Dans le catalogue d'exposition de 

Félicita 18, Juin 2018


Pauline Weber

Maryam Pourahmad ne reste pas à la superficie des choses et gratte au contraire, le vernis pour en puiser l’essence, le nectar profond.

« Ce qui me fascine le plus, c’est cette manière qu’à l’esprit de jongler entre le conscient et l’inconscient pour faire jaillir des images, des mots, des couleurs, en somme tout ce qui peut être utile à ma création. Rien que la forme d’un nuage ou un reflet dans une fenêtre peuvent m’inspirer. »

 

Ses photographies s’apparentent à des maquettes, des tableaux qu’elle dessine, qu’elle fabrique derrière la caméra. « Je m’intéresse davantage à la construction d’un espace photographique qu’à la simulation d’un espace » prévient-elle.

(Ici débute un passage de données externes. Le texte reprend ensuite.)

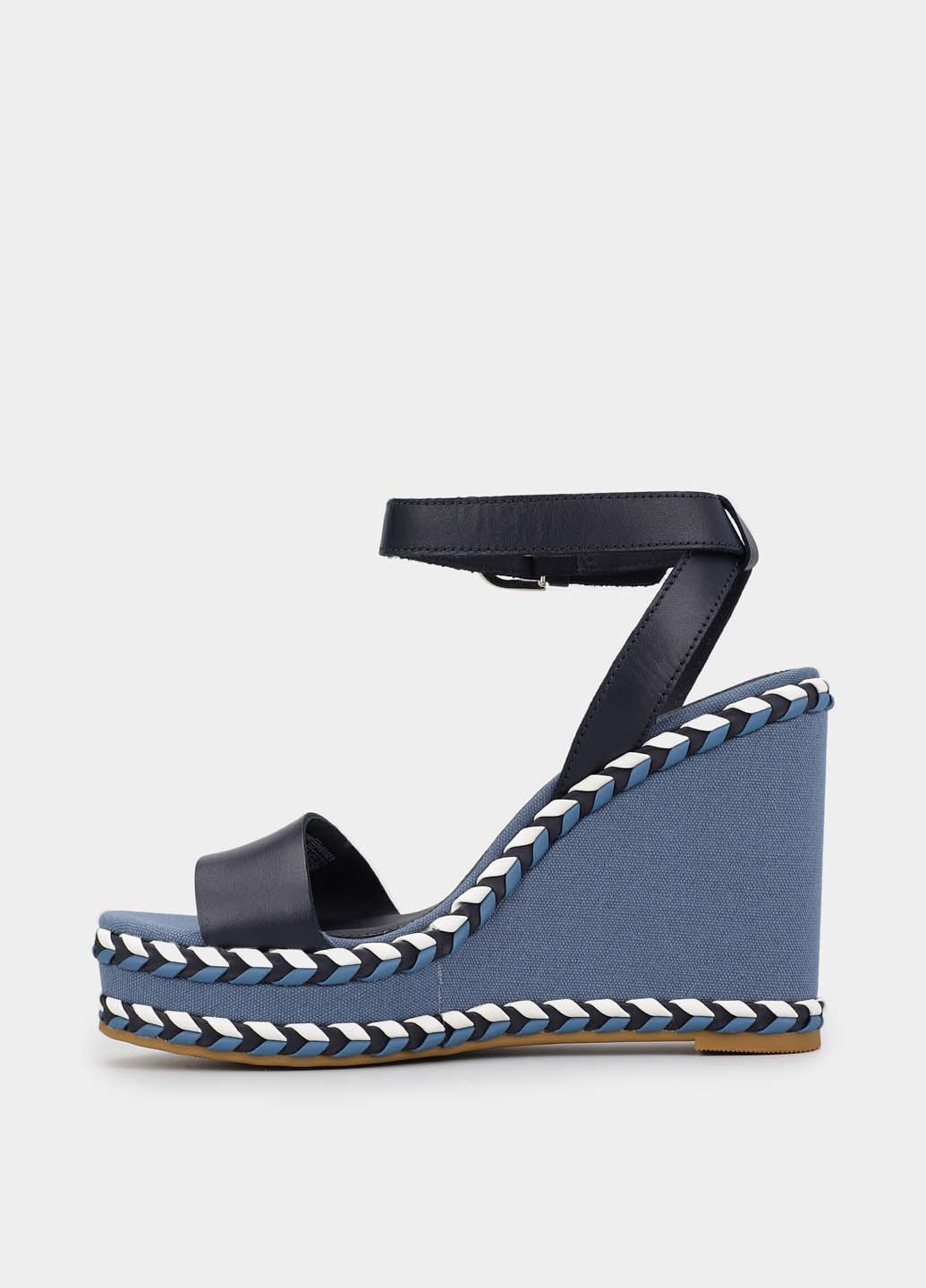 Синие босоножки Tommy Hilfiger с ремешком с логотипом, плетение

Elle aime confronter espace réel et espace fictif en brouillant les pistes, en perturbant l’échelle, en troublant notre perception pour provoquer des narrations nouvelles. Par différents choix de cadrage, elle met ainsi en lumière le muet, le silencieux, cet inframince laissé vacant entre les yeux, l’appareil photographique, l’esprit et l’objet lui-même. « C’est une image fantôme que je tente d’approcher » résume-t-elle.